───── DATA PROVIDED
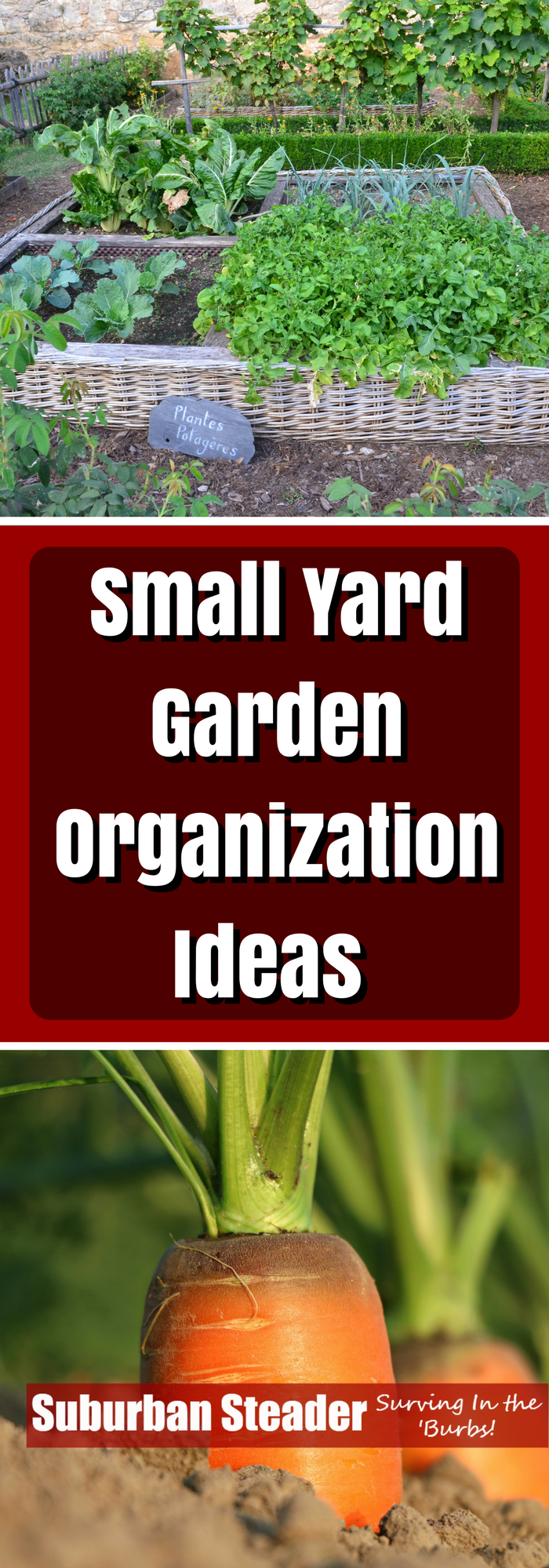 Small Yard Garden Organization Ideas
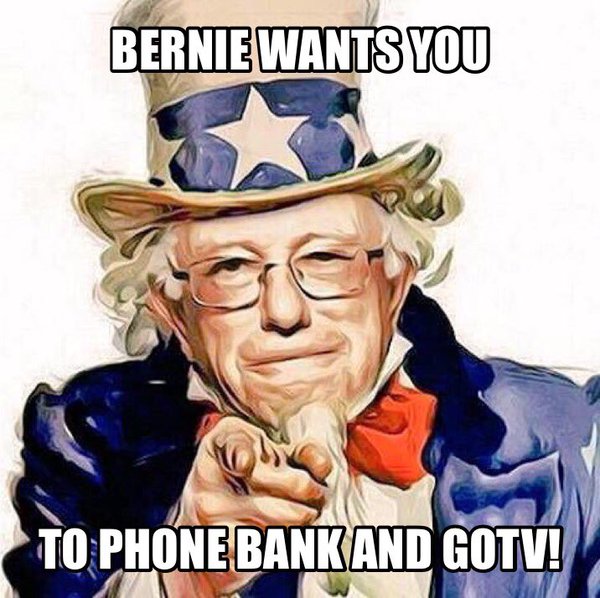 MaLaCoiD's tweet photo. @BernieSanders Eager to vote for an HONEST candidate?
#TioSanders needs you! 👇
#NotMeUs made 6 Million calls in 21 days of 2020! Join daily 9a-8:30p PT:
https://t.co/WDANEHvhlh
#DownloadBERN to #GOTV with friends anytime!
#BernieBeatsTrump #BernieDunksOnTrump #HereForBernie #ILikeBernie https://t.co/4cIZ8xPsCe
──────────
_EXERCISE DESCRIPTION:_ State how many lines in the records above contain the word "https". Write the number alone.

_ANSWER SPACE:_ 2